Insertion Sort is like organizing a hand of playing cards. You take one card at a time and place it in its correct position among the cards you’ve already sorted.

Algorithm description

  1. Start with the second element (consider the first element as already sorted)
  2. Compare the current element with the elements in the sorted portion
  3. Shift all larger elements one position to the right
  4. Insert the current element into its correct position
  5. Repeat for all remaining elements

Example with Array: [5, 2, 8, 1, 9]

Initial: [5, 2, 8, 1, 9] (consider 5 as sorted)

Step 1 - Process 2:

  • Compare 2 with 5 → 2 < 5 → shift 5 right → insert 2 → [2, 5, 8, 1, 9]

Step 2 - Process 8:

  • Compare 8 with 5 → 8 > 5 → insert 8 after 5 → [2, 5, 8, 1, 9]

Step 3 - Process 1:

  • Compare 1 with 8 → 1 < 8 → shift 8 right
  • Compare 1 with 5 → 1 < 5 → shift 5 right
  • Compare 1 with 2 → 1 < 2 → shift 2 right
  • Insert 1 at beginning → [1, 2, 5, 8, 9]

Step 4 - Process 9:

  • Compare 9 with 8 → 9 > 8 → insert 9 after 8 → [1, 2, 5, 8, 9]

Array is now sorted!

The card Analogy

Imagine you’re sorting playing cards in your hand:

  • You pick the next card from the deck.

  • Compare it with the cards already in your hand.

  • Shift the bigger cards one place to the right.

  • Insert the card in its correct spot.

  • Repeat until all cards are in order.

consider that:

The left side of your array (or hand) is always sorted.

You keep growing this sorted portion one element at a time.

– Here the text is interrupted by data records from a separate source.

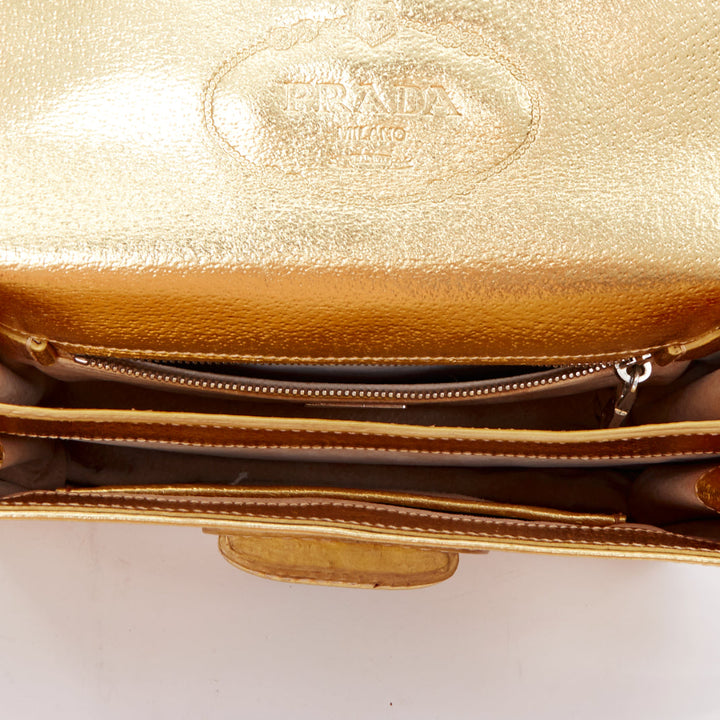 PRADA Vintage gold metallic leather silver logo flap crossbody bag
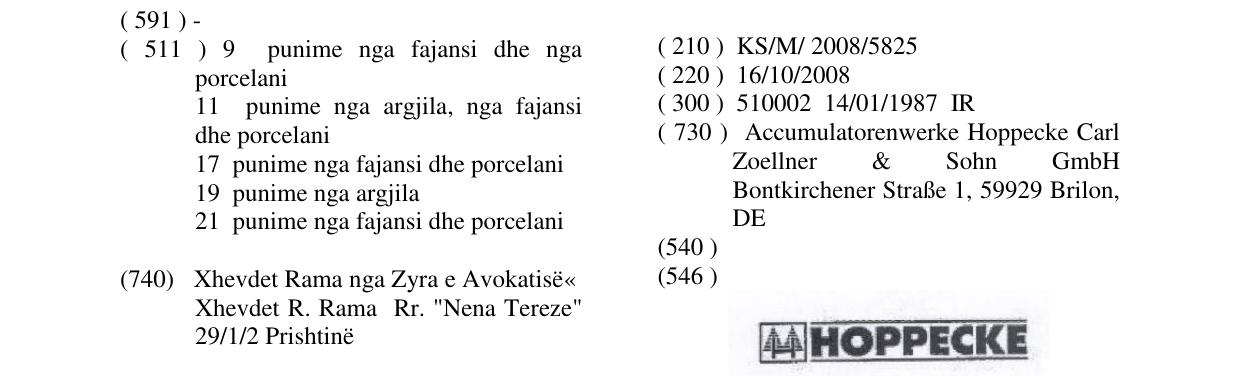Zëri i markës HOPPECKE në buletin
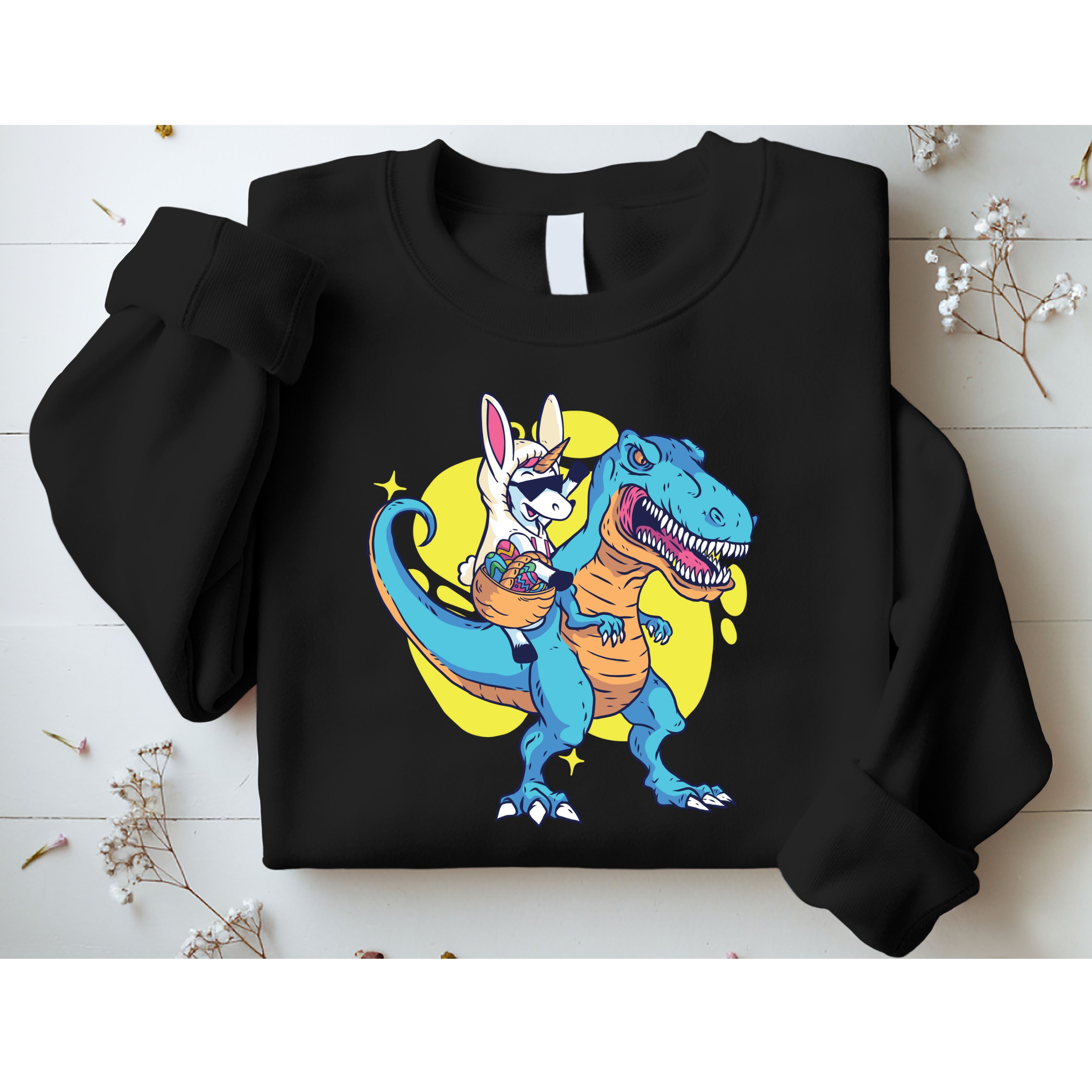 Unicorn Riding Trex Easter Sweatshirt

Characteristics of insertion sort

  • Time Complexity:

    • Worst case: O(n²) - when array is reverse sorted
    • Best case: O(n) - when array is already sorted
    • Average case: O(n²)

  • Space Complexity: O(1) - sorts in-place

  • Stable: Yes, equal elements maintain relative order
  • Adaptive: Performs well on partially sorted arrays
  • Online: Can sort lists as they're received

Simple Implementation

def insertion_sort(arr):
    for i in range(1, len(arr)):
        key = arr[i]  # Current element to be positioned
        j = i - 1

        # Shift elements greater than key to the right
        while j >= 0 and arr[j] > key:
            arr[j + 1] = arr[j]
            j -= 1

        # Insert key at correct position
        arr[j + 1] = key

    return arr

Advantages

  • Efficient for small datasets
  • Simple to implement
  • Low overhead
  • Stable sorting
  • Works well with nearly-sorted data
  • Online algorithm - can sort as data arrives

Real-World Use Cases

Insertion Sort is commonly used:

  • In practice for small arrays (often as part of hybrid algorithms like Timsort)
  • When data is mostly sorted
  • In situations where simplicity is more important than pure speed
  • As a building block for more complex algorithms

While not the most efficient for large random datasets, Insertion Sort excels in scenarios where data is small or partially ordered, making it practically useful despite its O(n²) worst-case complexity.